There was a nice view ahead across the valley here, and I had another wildlife sighting, a Buzzard circling over the sheep pasture. I soon came to a path junction, where I went right over a stile, back into the wood. A narrow but clear path led through the trees, going downhill at an easy gradient. Beyond the wood, it ran between a long garden fence on the left and a tall hedge. It then continued along a drive, where there were nice views along another valley that I was now crossing (the continuation of Hampden Bottom, which I’d cross again later). At the end of the drive, I turned right along a minor road for a hundred yards or so, then took a footpath on the right. This passed a house on the left, then continued between the fence of a paddock with a solitary white horse and a tall hedge on my right. The path then entered a wood, again with a good selection of wildflowers including Yellow Pimpernel, Woodruff and Wood Speedwell. The path rose uphill through the wood, and on the far side I turned left, alongside the wooden fence of some paddocks on my left. I passed a farmyard on the left, and followed its drive to a road in Prestwood.

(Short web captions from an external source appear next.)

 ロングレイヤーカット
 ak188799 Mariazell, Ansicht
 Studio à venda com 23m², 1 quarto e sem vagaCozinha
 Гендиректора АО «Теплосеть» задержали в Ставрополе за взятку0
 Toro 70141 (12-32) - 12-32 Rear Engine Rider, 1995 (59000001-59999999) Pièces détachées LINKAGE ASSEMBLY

The name Prestwood is a corruption of Priest-Wood and dates back to Saxon times. Prestwood was originally a large common, spread over several different parishes, and the village only acquired parish status in the late 19th century. The village grew throughout the early 20th century, but the biggest expansion came in the 1960’s and 1970’s. The Labour Prime Minister Clement Attlee once lived in Prestwood, before moving to nearby Great Missenden.

I turned left, and soon came to a crossroads in the village where I went straight on. After another hundred yards or so, I turned left along a narrow alley. Where it ended, I continued along a narrow street ahead of me. Ite ended at a T-junction on the edge of the village, where I turned right but very shortly turned left, along the drive to another farm. I was now on the route of the Chiltern Heritage Trail again. Before reaching the farm, the path went right, through a metal gate and continuing between a garage and garden on the left and some orchards on the right. Through another metal gate, I turned left to follow the edge of a large arable field. This turned left and then right, and took me to Atkins’s Wood. I followed the path through this beech wood for about 100 yards, then forked right at a junction marked by arrows painted on trees. The path descended gently through the trees, the route indicated by further white arrows. On the far side of the wood I went through a metal kissing-gate in a fence, and turned right on a bridleway. This ran along for some distance between hedges on either side, to reach a tarmac farm drive which I followed to a lane.

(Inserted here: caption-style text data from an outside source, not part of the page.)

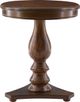 Powell® Stanton Hazelnut Accent Side Table-3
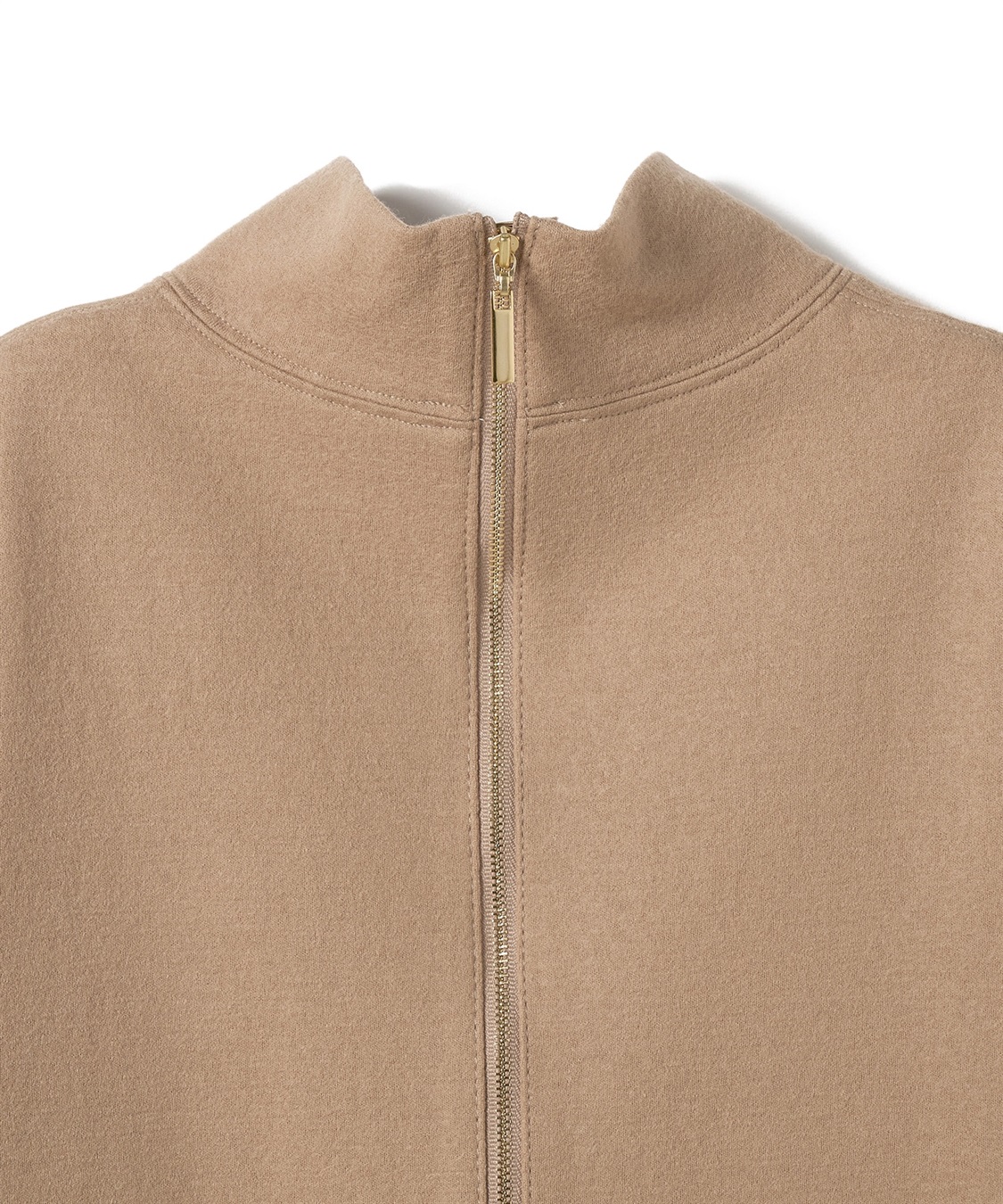 49AV JUNKO SHIMADA ハイネック半袖ウールワンピース_sub_20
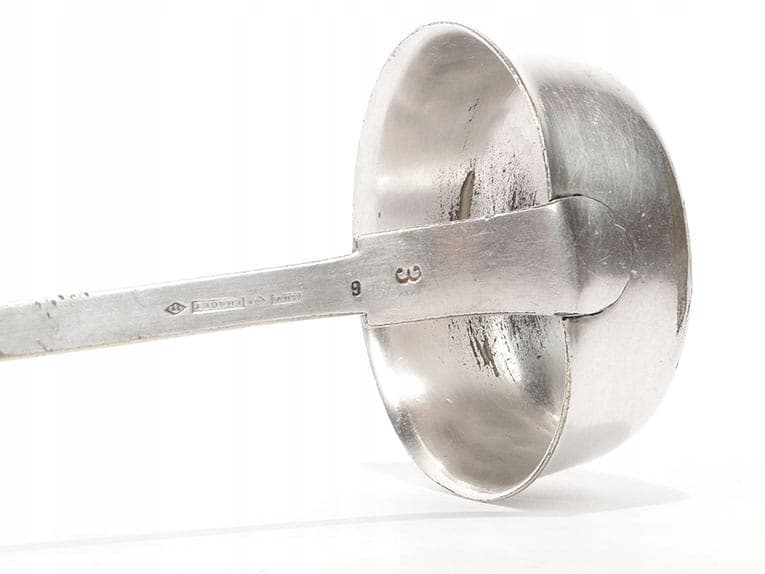 Soup Ladle Mazowiecki, silver brass, Fraget, Poland, 1920s - 196857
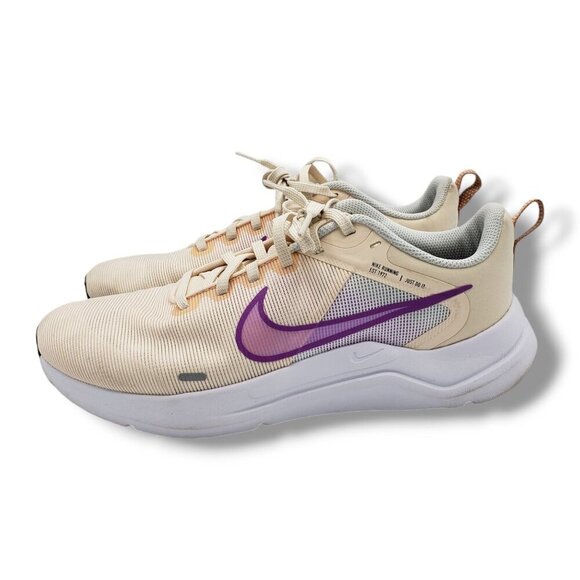 Nike Downshifter 12 Sneakers Womens 9.5 Guava Ice Rush Fuchsia DD9294-800 - Picture 5 of 9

I turned right – the lane was narrow with no verges, and I had to press myself into the hedge when cars went by. But I only had to follow it a short distance as it currved round to the left, before I took a path on the left. This followed a hedge on my right for a while, then continued on across a field towards a corner of a wood, where I went half-right on tractor tracks through an arable field with woods on three sides of it. In the field corner I continued for a short distance through the wood, then the path ran between hedges and fences again, with more fields speckled by yellow buttercups and Dandelions on my right and cattle pastures on my left. The path ended at a pub on a road in Little Kingshill. I crossed over and took the path on the other side. This ran between two houses and then along the right-hand edge of a playing field to reach another road. At this point I met the route of my previous walk (which had just passed the Baptist chapel along the path opposite me).

I turned right here, leaving the route of the Chiltern Heritage Trail which went left (as had my previous walk). I crossed a road junction by a pub and after another 100 yards turned right into a small modern close called Shepherd’s Gate (the footpath sign here was half-buried in a holly hedge). The path went over a stile and continued beside some small paddocks or enclosures on the left, then reached a very large field. I followed the hedge on my right, until it turned right, at which point the path went half-left, crossing the large field diagonally to a distant corner. The first half of the field had a young arable crop in it, but the second half of the field seemed to have been left fallow this year – there were numerous wildflowers amongst what looked like last years crop, including beautiful Field Pansies everywhere – there must have been thousands of them in this field.

In the field corner the path passed between some bushes to reach a wide track, where I turned right. After a short distance I turned left through a gate, the path running along a hedge on my right through a large area used for market gardening. There were numerous different crops here in small strips, including cabbages, blackcurrants and strawberries (covered in straw, appropriately enough). I saw a Green Woodpecker here, as I followed the boundary on my left as it turned to the right, now with a mixture of small conifers (presumably future Christmas Trees) on my right. I reached a gate in the fence on my left, and went through it into a wood, almost immediately turning right at a junction and following a path through the trees to a minor road.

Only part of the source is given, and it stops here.